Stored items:

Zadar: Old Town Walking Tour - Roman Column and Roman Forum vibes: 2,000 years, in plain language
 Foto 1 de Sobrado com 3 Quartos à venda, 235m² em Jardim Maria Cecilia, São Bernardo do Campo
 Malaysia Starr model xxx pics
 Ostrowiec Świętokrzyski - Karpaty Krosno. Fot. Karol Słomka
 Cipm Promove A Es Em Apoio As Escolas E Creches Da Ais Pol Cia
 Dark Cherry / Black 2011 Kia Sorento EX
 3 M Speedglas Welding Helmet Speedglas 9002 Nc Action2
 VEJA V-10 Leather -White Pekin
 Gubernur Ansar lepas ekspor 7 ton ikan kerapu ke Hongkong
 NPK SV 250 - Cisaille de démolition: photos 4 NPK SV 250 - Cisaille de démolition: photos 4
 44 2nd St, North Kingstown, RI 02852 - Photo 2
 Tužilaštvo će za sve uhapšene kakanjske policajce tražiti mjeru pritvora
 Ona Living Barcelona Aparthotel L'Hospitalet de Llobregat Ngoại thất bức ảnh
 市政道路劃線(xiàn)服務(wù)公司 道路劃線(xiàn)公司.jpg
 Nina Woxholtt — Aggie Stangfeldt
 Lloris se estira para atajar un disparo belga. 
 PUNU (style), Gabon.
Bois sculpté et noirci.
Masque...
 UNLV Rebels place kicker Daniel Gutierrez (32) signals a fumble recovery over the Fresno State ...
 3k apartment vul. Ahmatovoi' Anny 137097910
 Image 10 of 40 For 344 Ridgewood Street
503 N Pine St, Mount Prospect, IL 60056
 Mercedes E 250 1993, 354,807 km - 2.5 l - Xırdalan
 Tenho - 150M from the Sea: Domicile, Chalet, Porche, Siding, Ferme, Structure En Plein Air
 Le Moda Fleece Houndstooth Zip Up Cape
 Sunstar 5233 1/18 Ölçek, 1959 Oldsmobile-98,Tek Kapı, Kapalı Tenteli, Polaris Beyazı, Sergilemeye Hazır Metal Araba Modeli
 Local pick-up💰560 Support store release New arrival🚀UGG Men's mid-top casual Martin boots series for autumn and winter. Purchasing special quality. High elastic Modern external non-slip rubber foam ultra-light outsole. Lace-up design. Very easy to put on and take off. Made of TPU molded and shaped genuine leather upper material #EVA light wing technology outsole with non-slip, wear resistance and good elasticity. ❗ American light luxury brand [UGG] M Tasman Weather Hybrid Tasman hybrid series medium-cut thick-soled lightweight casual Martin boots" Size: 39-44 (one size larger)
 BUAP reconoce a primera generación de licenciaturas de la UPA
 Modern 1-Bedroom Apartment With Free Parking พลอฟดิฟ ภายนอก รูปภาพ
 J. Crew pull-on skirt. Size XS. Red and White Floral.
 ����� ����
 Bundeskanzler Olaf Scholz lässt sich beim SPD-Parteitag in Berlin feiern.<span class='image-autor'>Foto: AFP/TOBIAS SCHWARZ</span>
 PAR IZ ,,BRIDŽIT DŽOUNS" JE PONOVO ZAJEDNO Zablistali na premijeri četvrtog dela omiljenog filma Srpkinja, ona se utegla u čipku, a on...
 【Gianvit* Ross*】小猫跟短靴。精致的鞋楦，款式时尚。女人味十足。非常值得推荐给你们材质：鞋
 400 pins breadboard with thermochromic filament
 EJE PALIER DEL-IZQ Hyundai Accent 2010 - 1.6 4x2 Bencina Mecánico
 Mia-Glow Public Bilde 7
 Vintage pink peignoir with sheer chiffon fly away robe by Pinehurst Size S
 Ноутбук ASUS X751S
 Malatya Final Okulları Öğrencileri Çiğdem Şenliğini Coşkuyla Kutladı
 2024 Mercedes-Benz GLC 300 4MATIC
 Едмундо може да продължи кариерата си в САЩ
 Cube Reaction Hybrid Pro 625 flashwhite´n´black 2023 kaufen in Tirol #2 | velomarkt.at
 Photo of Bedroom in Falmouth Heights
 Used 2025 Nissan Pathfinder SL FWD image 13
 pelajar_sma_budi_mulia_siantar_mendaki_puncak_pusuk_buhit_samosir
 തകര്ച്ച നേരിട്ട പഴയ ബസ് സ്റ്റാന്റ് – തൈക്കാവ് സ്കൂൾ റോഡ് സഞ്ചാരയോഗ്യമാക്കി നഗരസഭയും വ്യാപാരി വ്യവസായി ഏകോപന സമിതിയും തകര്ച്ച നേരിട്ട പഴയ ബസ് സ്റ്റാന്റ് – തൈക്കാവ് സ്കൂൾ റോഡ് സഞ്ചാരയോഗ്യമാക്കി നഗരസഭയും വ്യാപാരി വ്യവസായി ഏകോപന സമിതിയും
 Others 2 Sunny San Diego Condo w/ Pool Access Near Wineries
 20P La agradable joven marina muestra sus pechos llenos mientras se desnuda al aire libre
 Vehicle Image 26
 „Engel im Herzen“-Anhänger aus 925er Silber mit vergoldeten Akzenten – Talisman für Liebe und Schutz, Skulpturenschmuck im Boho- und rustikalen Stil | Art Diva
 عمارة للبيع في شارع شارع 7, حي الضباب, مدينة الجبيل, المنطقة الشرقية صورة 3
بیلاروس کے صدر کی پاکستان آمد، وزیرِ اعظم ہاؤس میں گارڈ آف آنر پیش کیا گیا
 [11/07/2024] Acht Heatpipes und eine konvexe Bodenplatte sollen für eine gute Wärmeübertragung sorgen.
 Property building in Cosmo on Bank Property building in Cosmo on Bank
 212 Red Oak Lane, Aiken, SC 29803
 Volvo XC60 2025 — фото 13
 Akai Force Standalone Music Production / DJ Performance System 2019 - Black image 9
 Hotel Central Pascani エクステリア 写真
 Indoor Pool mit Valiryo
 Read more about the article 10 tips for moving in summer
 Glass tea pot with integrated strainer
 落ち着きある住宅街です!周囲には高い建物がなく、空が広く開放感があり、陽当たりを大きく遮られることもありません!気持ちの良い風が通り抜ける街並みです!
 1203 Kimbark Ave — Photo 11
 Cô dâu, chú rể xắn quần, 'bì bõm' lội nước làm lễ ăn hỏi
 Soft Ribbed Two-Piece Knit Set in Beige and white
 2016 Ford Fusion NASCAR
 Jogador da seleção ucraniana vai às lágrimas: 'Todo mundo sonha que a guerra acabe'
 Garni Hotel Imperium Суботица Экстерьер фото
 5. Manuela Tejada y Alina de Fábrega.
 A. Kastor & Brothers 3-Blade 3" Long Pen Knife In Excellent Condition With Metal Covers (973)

EXERCISE DIRECTIONS: Set every record down word for word, omitting none.

FINISHED EXERCISE:
Zadar: Old Town Walking Tour - Roman Column and Roman Forum vibes: 2,000 years, in plain language
 Foto 1 de Sobrado com 3 Quartos à venda, 235m² em Jardim Maria Cecilia, São Bernardo do Campo
 Malaysia Starr model xxx pics
 Ostrowiec Świętokrzyski - Karpaty Krosno. Fot. Karol Słomka
 Cipm Promove A Es Em Apoio As Escolas E Creches Da Ais Pol Cia
 Dark Cherry / Black 2011 Kia Sorento EX
 3 M Speedglas Welding Helmet Speedglas 9002 Nc Action2
 VEJA V-10 Leather -White Pekin
 Gubernur Ansar lepas ekspor 7 ton ikan kerapu ke Hongkong
 NPK SV 250 - Cisaille de démolition: photos 4 NPK SV 250 - Cisaille de démolition: photos 4
 44 2nd St, North Kingstown, RI 02852 - Photo 2
 Tužilaštvo će za sve uhapšene kakanjske policajce tražiti mjeru pritvora
 Ona Living Barcelona Aparthotel L'Hospitalet de Llobregat Ngoại thất bức ảnh
 市政道路劃線(xiàn)服務(wù)公司 道路劃線(xiàn)公司.jpg
 Nina Woxholtt — Aggie Stangfeldt
 Lloris se estira para atajar un disparo belga. 
 PUNU (style), Gabon.
Bois sculpté et noirci.
Masque...
 UNLV Rebels place kicker Daniel Gutierrez (32) signals a fumble recovery over the Fresno State ...
 3k apartment vul. Ahmatovoi' Anny 137097910
 Image 10 of 40 For 344 Ridgewood Street
503 N Pine St, Mount Prospect, IL 60056
 Mercedes E 250 1993, 354,807 km - 2.5 l - Xırdalan
 Tenho - 150M from the Sea: Domicile, Chalet, Porche, Siding, Ferme, Structure En Plein Air
 Le Moda Fleece Houndstooth Zip Up Cape
 Sunstar 5233 1/18 Ölçek, 1959 Oldsmobile-98,Tek Kapı, Kapalı Tenteli, Polaris Beyazı, Sergilemeye Hazır Metal Araba Modeli
 Local pick-up💰560 Support store release New arrival🚀UGG Men's mid-top casual Martin boots series for autumn and winter. Purchasing special quality. High elastic Modern external non-slip rubber foam ultra-light outsole. Lace-up design. Very easy to put on and take off. Made of TPU molded and shaped genuine leather upper material #EVA light wing technology outsole with non-slip, wear resistance and good elasticity. ❗ American light luxury brand [UGG] M Tasman Weather Hybrid Tasman hybrid series medium-cut thick-soled lightweight casual Martin boots" Size: 39-44 (one size larger)
 BUAP reconoce a primera generación de licenciaturas de la UPA
 Modern 1-Bedroom Apartment With Free Parking พลอฟดิฟ ภายนอก รูปภาพ
 J. Crew pull-on skirt. Size XS. Red and White Floral.
 ����� ����
 Bundeskanzler Olaf Scholz lässt sich beim SPD-Parteitag in Berlin feiern.<span class='image-autor'>Foto: AFP/TOBIAS SCHWARZ</span>
 PAR IZ ,,BRIDŽIT DŽOUNS" JE PONOVO ZAJEDNO Zablistali na premijeri četvrtog dela omiljenog filma Srpkinja, ona se utegla u čipku, a on...
 【Gianvit* Ross*】小猫跟短靴。精致的鞋楦，款式时尚。女人味十足。非常值得推荐给你们材质：鞋
 400 pins breadboard with thermochromic filament
 EJE PALIER DEL-IZQ Hyundai Accent 2010 - 1.6 4x2 Bencina Mecánico
 Mia-Glow Public Bilde 7
 Vintage pink peignoir with sheer chiffon fly away robe by Pinehurst Size S
 Ноутбук ASUS X751S
 Malatya Final Okulları Öğrencileri Çiğdem Şenliğini Coşkuyla Kutladı
 2024 Mercedes-Benz GLC 300 4MATIC
 Едмундо може да продължи кариерата си в САЩ
 Cube Reaction Hybrid Pro 625 flashwhite´n´black 2023 kaufen in Tirol #2 | velomarkt.at
 Photo of Bedroom in Falmouth Heights
 Used 2025 Nissan Pathfinder SL FWD image 13
 pelajar_sma_budi_mulia_siantar_mendaki_puncak_pusuk_buhit_samosir
 തകര്ച്ച നേരിട്ട പഴയ ബസ് സ്റ്റാന്റ് – തൈക്കാവ് സ്കൂൾ റോഡ് സഞ്ചാരയോഗ്യമാക്കി നഗരസഭയും വ്യാപാരി വ്യവസായി ഏകോപന സമിതിയും തകര്ച്ച നേരിട്ട പഴയ ബസ് സ്റ്റാന്റ് – തൈക്കാവ് സ്കൂൾ റോഡ് സഞ്ചാരയോഗ്യമാക്കി നഗരസഭയും വ്യാപാരി വ്യവസായി ഏകോപന സമിതിയും
 Others 2 Sunny San Diego Condo w/ Pool Access Near Wineries
 20P La agradable joven marina muestra sus pechos llenos mientras se desnuda al aire libre
 Vehicle Image 26
 „Engel im Herzen“-Anhänger aus 925er Silber mit vergoldeten Akzenten – Talisman für Liebe und Schutz, Skulpturenschmuck im Boho- und rustikalen Stil | Art Diva
 عمارة للبيع في شارع شارع 7, حي الضباب, مدينة الجبيل, المنطقة الشرقية صورة 3
بیلاروس کے صدر کی پاکستان آمد، وزیرِ اعظم ہاؤس میں گارڈ آف آنر پیش کیا گیا
 [11/07/2024] Acht Heatpipes und eine konvexe Bodenplatte sollen für eine gute Wärmeübertragung sorgen.
 Property building in Cosmo on Bank Property building in Cosmo on Bank
 212 Red Oak Lane, Aiken, SC 29803
 Volvo XC60 2025 — фото 13
 Akai Force Standalone Music Production / DJ Performance System 2019 - Black image 9
 Hotel Central Pascani エクステリア 写真
 Indoor Pool mit Valiryo
 Read more about the article 10 tips for moving in summer
 Glass tea pot with integrated strainer
 落ち着きある住宅街です!周囲には高い建物がなく、空が広く開放感があり、陽当たりを大きく遮られることもありません!気持ちの良い風が通り抜ける街並みです!
 1203 Kimbark Ave — Photo 11
 Cô dâu, chú rể xắn quần, 'bì bõm' lội nước làm lễ ăn hỏi
 Soft Ribbed Two-Piece Knit Set in Beige and white
 2016 Ford Fusion NASCAR
 Jogador da seleção ucraniana vai às lágrimas: 'Todo mundo sonha que a guerra acabe'
 Garni Hotel Imperium Суботица Экстерьер фото
 5. Manuela Tejada y Alina de Fábrega.
 A. Kastor & Brothers 3-Blade 3" Long Pen Knife In Excellent Condition With Metal Covers (973)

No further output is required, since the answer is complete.